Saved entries

━━━

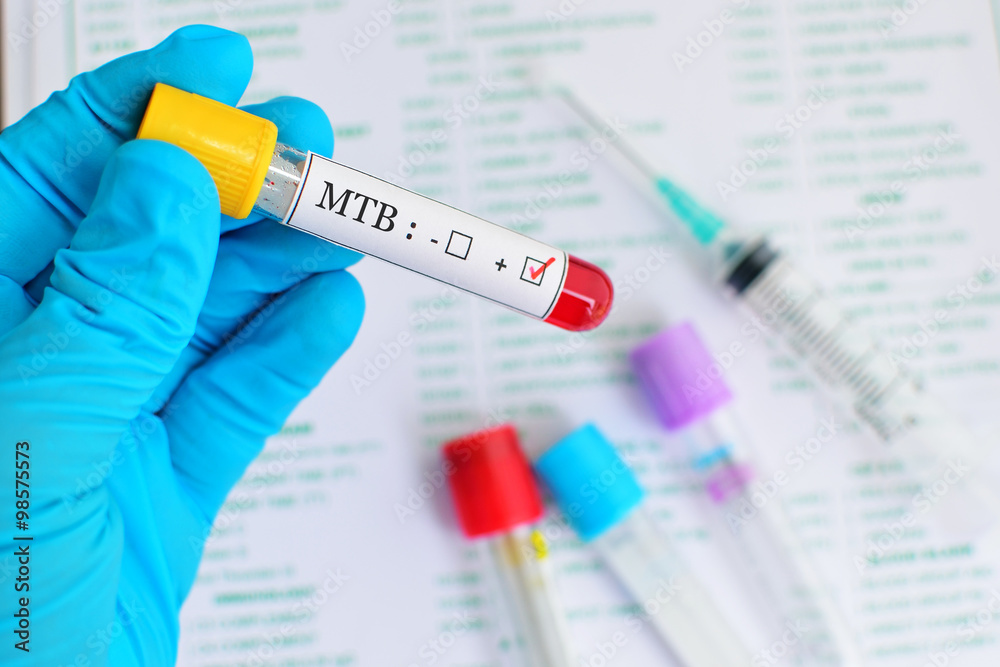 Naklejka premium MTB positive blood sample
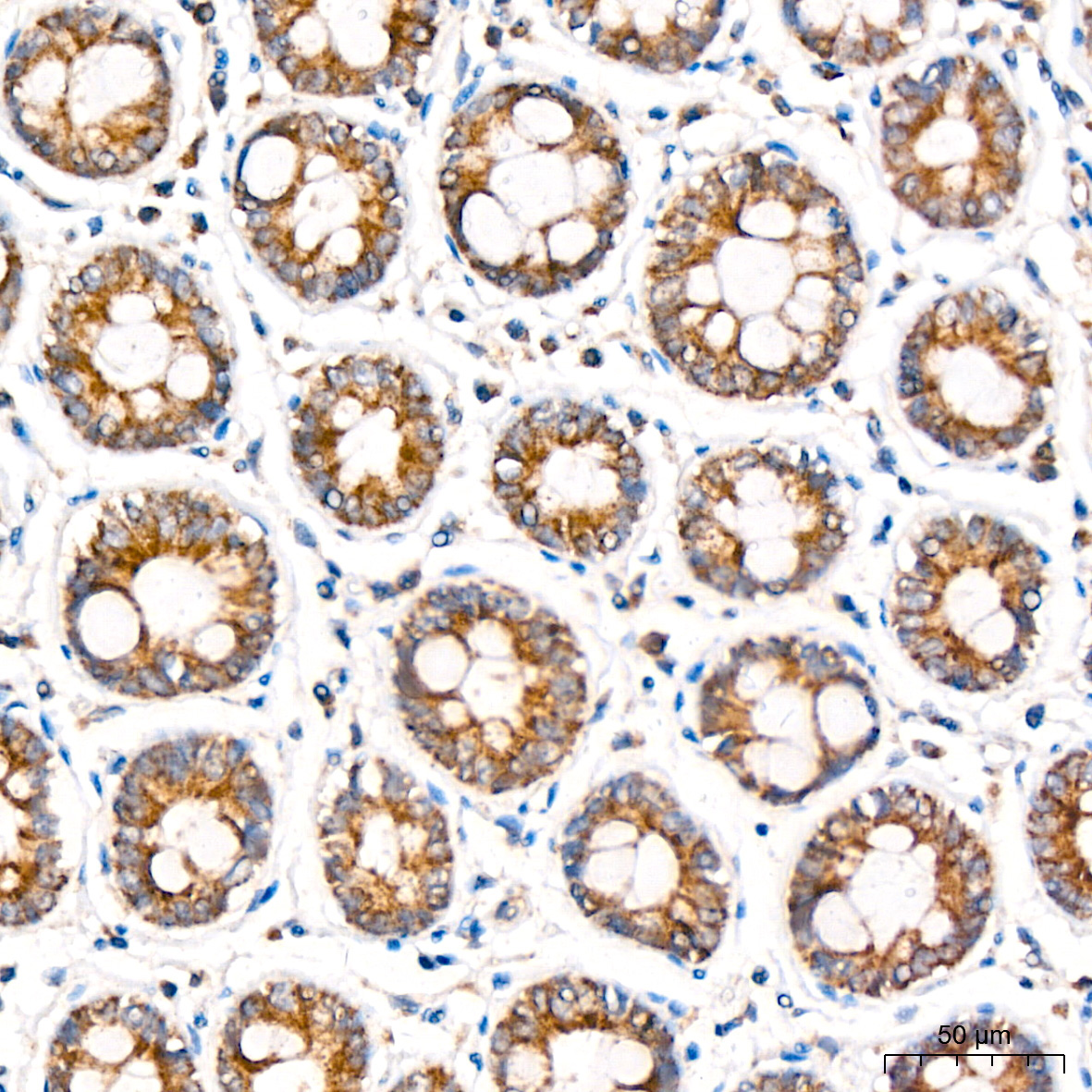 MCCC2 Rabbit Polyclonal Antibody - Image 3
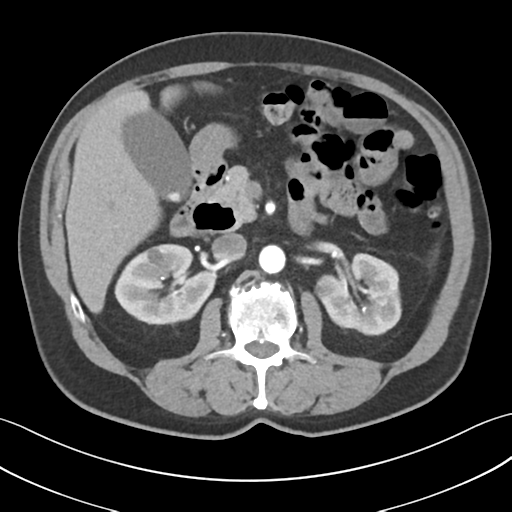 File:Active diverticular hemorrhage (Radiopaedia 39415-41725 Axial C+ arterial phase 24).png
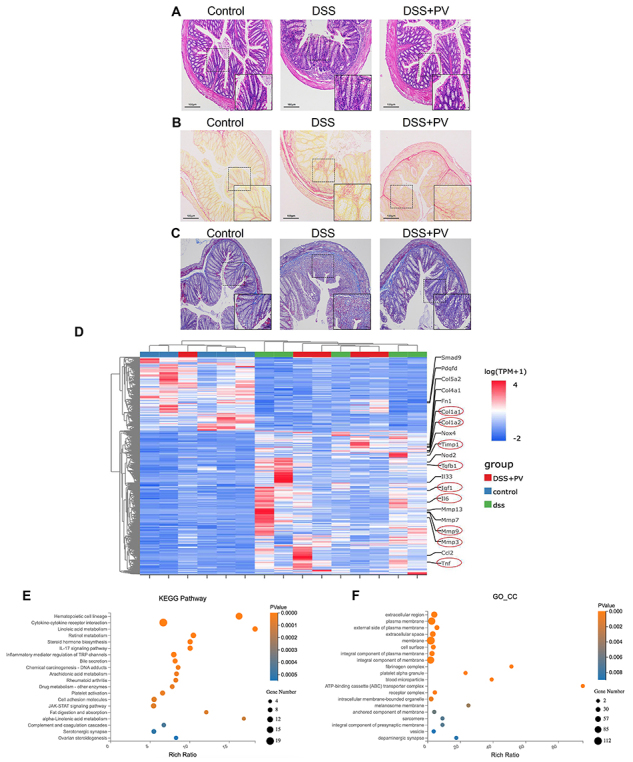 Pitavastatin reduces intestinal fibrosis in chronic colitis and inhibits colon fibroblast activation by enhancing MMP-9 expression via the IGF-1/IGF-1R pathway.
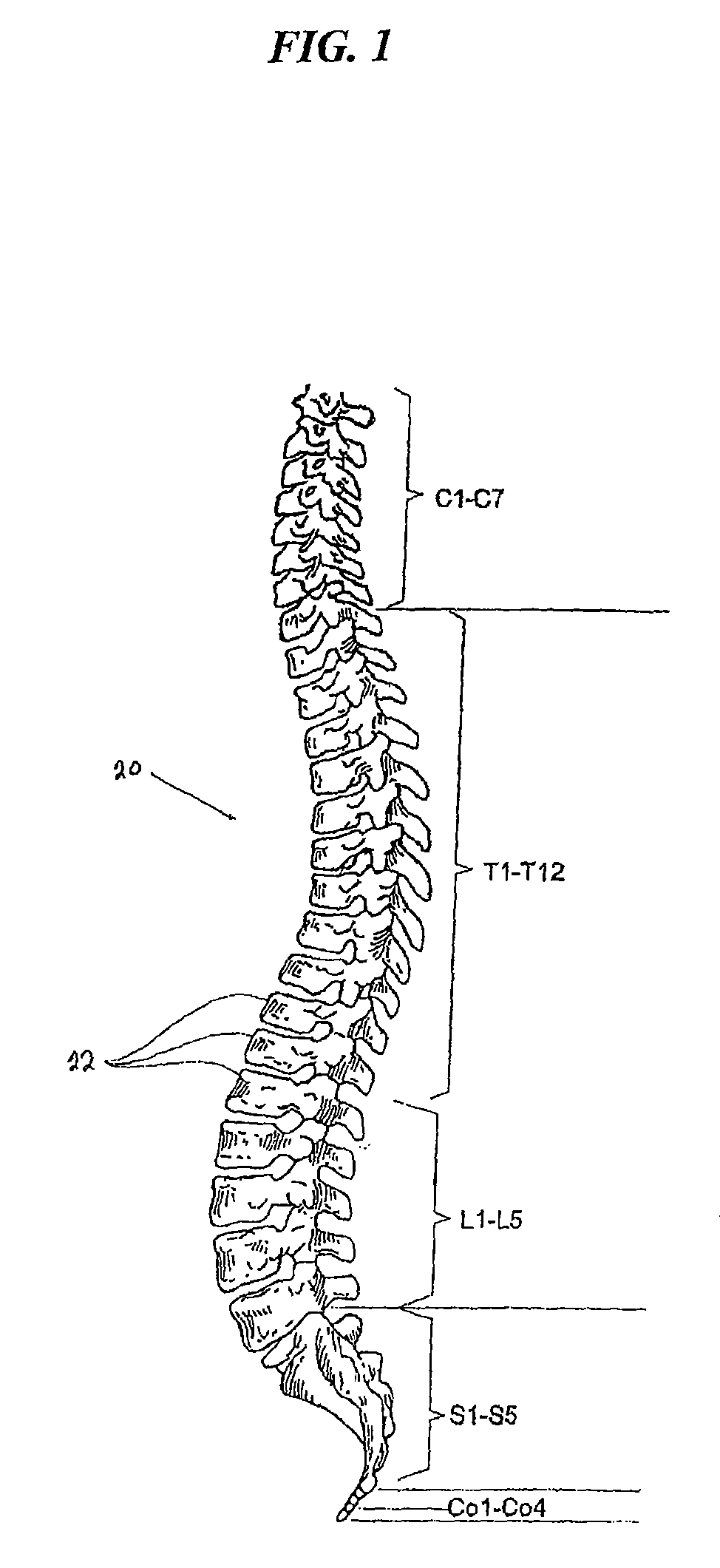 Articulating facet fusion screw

━━━

AIM OF THE TASK
Print the data above exactly; drop every picture.

RESPONSE TO THIS EXERCISE
 Naklejka premium MTB positive blood sample
 MCCC2 Rabbit Polyclonal Antibody - Image 3
 File:Active diverticular hemorrhage (Radiopaedia 39415-41725 Axial C+ arterial phase 24).png
 Pitavastatin reduces intestinal fibrosis in chronic colitis and inhibits colon fibroblast activation by enhancing MMP-9 expression via the IGF-1/IGF-1R pathway.
 Articulating facet fusion screw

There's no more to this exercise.